The wheelchair brigade files in, with Gram now joining their ranks. She finally succumbed to the wheelchair, saying that she prefers to save her legs for dancing and lovemaking.
I stand behind the potted plants and take it all in for a minute. I had always imagined celebrating this birthday with my friends at the lake club under the stars. I would dance all night with the E’s and make out with some guy and probably end up skinny-dipping in the lake.

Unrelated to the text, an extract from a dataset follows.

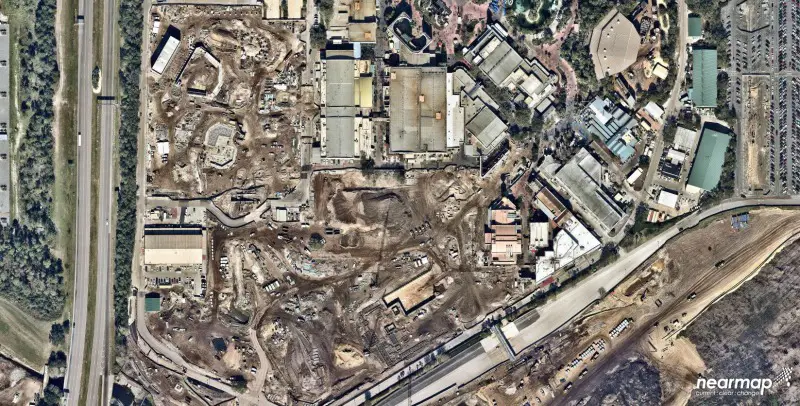 Aerial Photos Show Progress of Toy Story and Star Wars Lands in Hollywood Studios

But here I am. There’s paralyzed Mark, and his oafish brother, and bald Gloria with her minister husband. There’s Vito with his oxygen tank, and the Ornaments with their hearty laughs and Queens accents, and a guy who might possibly be a Nazi. And there’s my thirty-three-year-old sorority sister, Paige, and Lane and Janie and Ty and my family—my crazy lovable family. I look at them all and then think about Enzo, who will be here any minute. And I can’t believe I’m even thinking this, but this party is better than the one I pictured for all those years.
The crew set up a buffet with fried macaroni and cheese balls and sliders and chicken skewers and a giant cupcake tower. The deck is overflowing with silvery balloons and twinkly lights. I’m floating into adulthood on a magical ship.
“Here, honey. I found you a tiara,” Mom says. She sets it on top of my head and steps back to assess me. She gives the familiar you-would-look-so-much-better-with-a-different-hairstyle nod.
“What, Mom? I’m not putting on Spanx under a sundress.”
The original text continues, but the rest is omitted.